The International Food & Agricultural Trade Policy Council (IPC) remains committed to an open global food system and a speedy completion of the Doha Round.  However, completion of the Doha Round is only part of the solution.  It is our hope that the G-20 countries will use their meetings as an opportunity to move beyond issuance of yet another “good intentions” commitment and turn to address the global problems head on.

Here are ten considerations on trade and global food security to think about:

1. The fact that the world’s largest and burgeoning population centers and remaining arable land are distributed unevenly coupled with the reality that more than half of the global population will soon be living in urban centers means that trade in food will become increasingly important.

2. Only a few countries have sufficient available land, water resources and suitable climates to rely totally on their own production.  Government efforts aimed at self-sufficiency run the risk of environmental degradation, exploitation of a region’s scarce or fragile resources, and burdening taxpayers and consumers with unnecessary costs.

3. Climate change experts warn about increasing weather variability, leading to further production and price instabilities, which an open trade system can help offset.

4. The financial crisis risks cutting off recently stepped up investment flows from developing country governments, development assistance and the private sector.  Importantly, an open trading system for food and agriculture will encourage more investment flows.  This is true regardless of whether the reforms take place in OECD or developing countries.

5. Developed countries’ use of export subsidies, trade-distorting domestic support, tariff peaks and tariff escalation have been shown to seriously disadvantage developing country producers, and must be phased out.

6. OECD countries and emerging economies should grant duty-free, quota-free treatment to all food and agricultural imports from least developed countries.

7. Developing countries should not compensate for rural neglect by solely relying on tariffs to protect vulnerable farmers.  There are more targeted instruments and high prices hurt poor consumers while doing nothing to improve competitiveness.

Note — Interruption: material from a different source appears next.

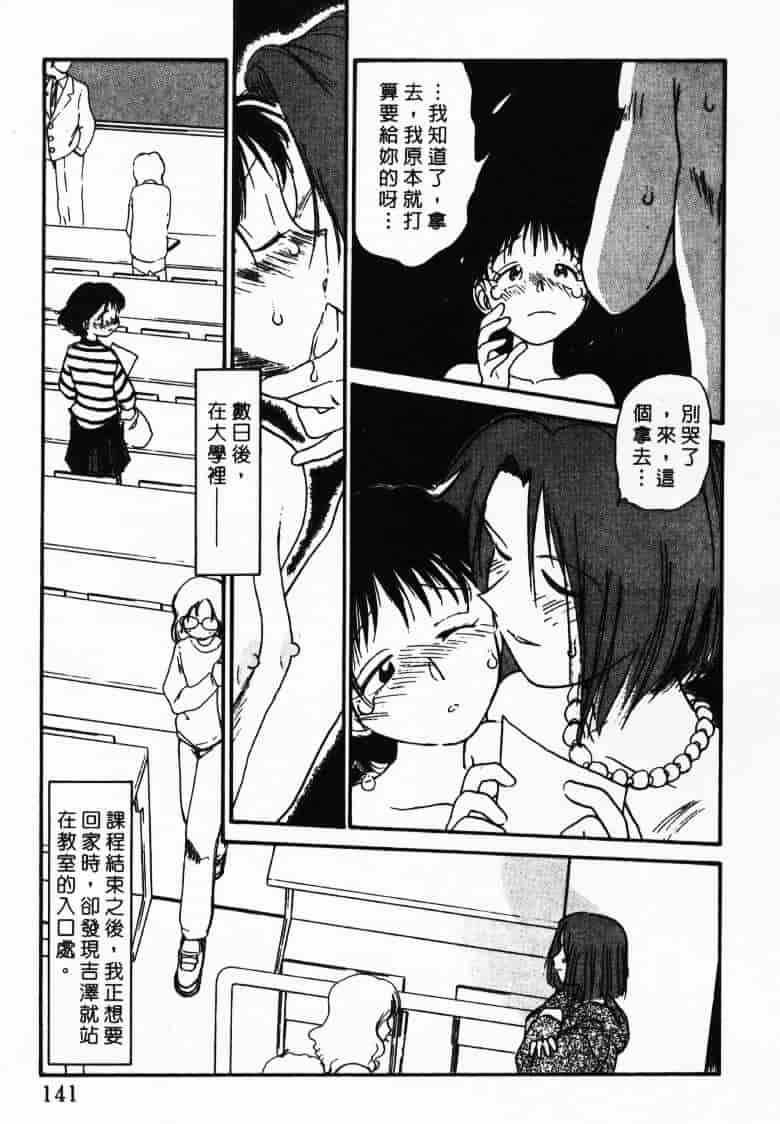 汉化版-[陽気婢] えっちーず2_第6集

8. An open trading system for food and agriculture is not a panacea for all that ails the agricultural sector.  The “Aid for Trade” initiative should be elevated, and the international community should consider a more specific “Aid for Agriculture” initiative aimed at improving the agricultural sector in developing countries.  The food crisis has highlighted decades of neglect of the agricultural sector in many developing countries, which need to be reversed. 

9. As recently evidenced export restrictions aggravate global food security concerns.  Food Security requires greater guarantees on availability of supplies. Effective disciplines on export taxes, export restraints and export embargoes are needed to restore the balance of obligations between exporters and importers.

10. As a first step, the international community should agree on an exemption for humanitarian food aid purchases from export restrictions.  The issue of food aid should not be considered solely in terms of export competition. Equally important is consideration of a reliable approach to the impact of high prices on availability of food aid and in turn on poor countries and families.